Usage

Quick start using pywb, expects Google Chrome to be installed already:

pip install crocoite pywb
crocoite http://example.com/ example.com.warc.gz
wb-manager init test && wb-manager add test example.com.warc.gz
wayback &
$BROWSER http://localhost:8080

It is recommended to install at least Micrsoft’s Corefonts as well as DejaVu, Liberation or a similar font family covering a wide range of character sets. Otherwise page screenshots may be unusable due to missing glyphs.

Recursion

By default crocoite will only retrieve the URL specified on the command line. However it can follow links as well. There’s currently two recursion strategies available, depth- and prefix-based.

crocoite -r 1 https://example.com/ example.com.warc.gz

will retrieve example.com and all pages directly refered to by it. Increasing the number increases the depth, so a value of 2 would first grab example.com, queue all pages linked there as well as every reference on each of those pages.

On the other hand

crocoite -r prefix https://example.com/dir/ example.com.warc.gz

will retrieve the URL specified and all pages referenced which have the same URL prefix. There trailing slash is significant. Without it crocoite would also grab /dir-something or /dir.html for example.

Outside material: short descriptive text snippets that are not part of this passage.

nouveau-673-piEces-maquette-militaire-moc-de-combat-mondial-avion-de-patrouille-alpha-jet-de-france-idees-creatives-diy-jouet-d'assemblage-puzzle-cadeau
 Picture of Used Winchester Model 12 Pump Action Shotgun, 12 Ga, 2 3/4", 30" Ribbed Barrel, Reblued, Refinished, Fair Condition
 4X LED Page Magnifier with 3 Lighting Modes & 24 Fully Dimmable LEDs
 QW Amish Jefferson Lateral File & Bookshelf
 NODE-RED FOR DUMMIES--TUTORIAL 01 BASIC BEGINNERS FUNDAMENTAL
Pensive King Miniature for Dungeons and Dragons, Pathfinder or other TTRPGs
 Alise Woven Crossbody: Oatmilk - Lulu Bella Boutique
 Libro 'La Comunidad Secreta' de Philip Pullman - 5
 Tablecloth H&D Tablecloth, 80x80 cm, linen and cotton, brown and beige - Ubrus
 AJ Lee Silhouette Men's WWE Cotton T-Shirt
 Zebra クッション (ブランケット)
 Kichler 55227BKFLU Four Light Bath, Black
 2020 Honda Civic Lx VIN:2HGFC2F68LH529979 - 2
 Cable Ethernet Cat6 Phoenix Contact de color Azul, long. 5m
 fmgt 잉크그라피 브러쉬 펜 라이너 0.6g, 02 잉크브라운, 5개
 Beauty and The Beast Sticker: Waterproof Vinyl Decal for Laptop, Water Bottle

If an output file template is used each page is written to an individual file. For example

crocoite -r prefix https://example.com/ '{host}-{date}-{seqnum}.warc.gz'

will write one file page page to files like example.com-2019-09-09T15:15:15+02:00-1.warc.gz. seqnum is unique to each page of a single job and should always be used.

When running a recursive job, increasing the concurrency (i.e. how many pages are fetched at the same time) can speed up the process. For example you can pass -j 4 to retrieve four pages at the same time. Keep in mind that each process starts a full browser that requires a lot of resources (one to two GB of RAM and one or two CPU cores).

Customizing

Under the hood crocoite starts one instance of crocoite-single to fetch each page. You can customize its options by appending a command template like this:

crocoite -r prefix https://example.com example.com.warc.gz -- \
     crocoite-single --timeout 5 -k '{url}' '{dest}'

This reduces the global timeout to 5 seconds and ignores TLS errors. If an option is prefixed with an exclamation mark (!) it will not be expanded. This is useful for passing --warcinfo, which expects JSON-encoded data.

Command line options

Below is a list of all command line arguments available:

crocoite

Front-end with recursion support and simple job management.

-j N, --concurrency N

Maximum number of concurrent fetch jobs.

-r POLICY, --recursion POLICY

Enables recursion based on POLICY, which can be a positive integer (recursion depth) or the string prefix.

--tempdir DIR

Directory for temporary WARC files.

crocoite-single

Back-end to fetch a single page.

-b SET-COOKIE, --cookie SET-COOKIE

Add cookie to browser’s cookie jar. This option always appends cookies, replacing those provided by -c.

New in version 1.1.

-c FILE, --cookie-jar FILE

Load cookies from FILE. crocoite provides a default cookie file, which contains cookies to, for example, circumvent age restrictions. This option replaces that default file.

New in version 1.1.

--idle-timeout SEC

Time after which a page is considered “idle”.

-k, --insecure

Allow insecure connections, i.e. self-signed ore expired HTTPS certificates.

--timeout SEC

Global archiving timeout.

--warcinfo JSON

Inject additional JSON-encoded information into the resulting WARC.

IRC bot

A simple IRC bot (“chromebot”) is provided with the command crocoite-irc. It reads its configuration from a config file like the example provided in contrib/chromebot.json and supports the following commands:

a <url> -j <concurrency> -r <policy> -k -b <set-cookie>

Archive <url> with <concurrency> processes according to recursion <policy>

s <uuid>

Get job status for <uuid>

r <uuid>

Revoke or abort running job with <uuid>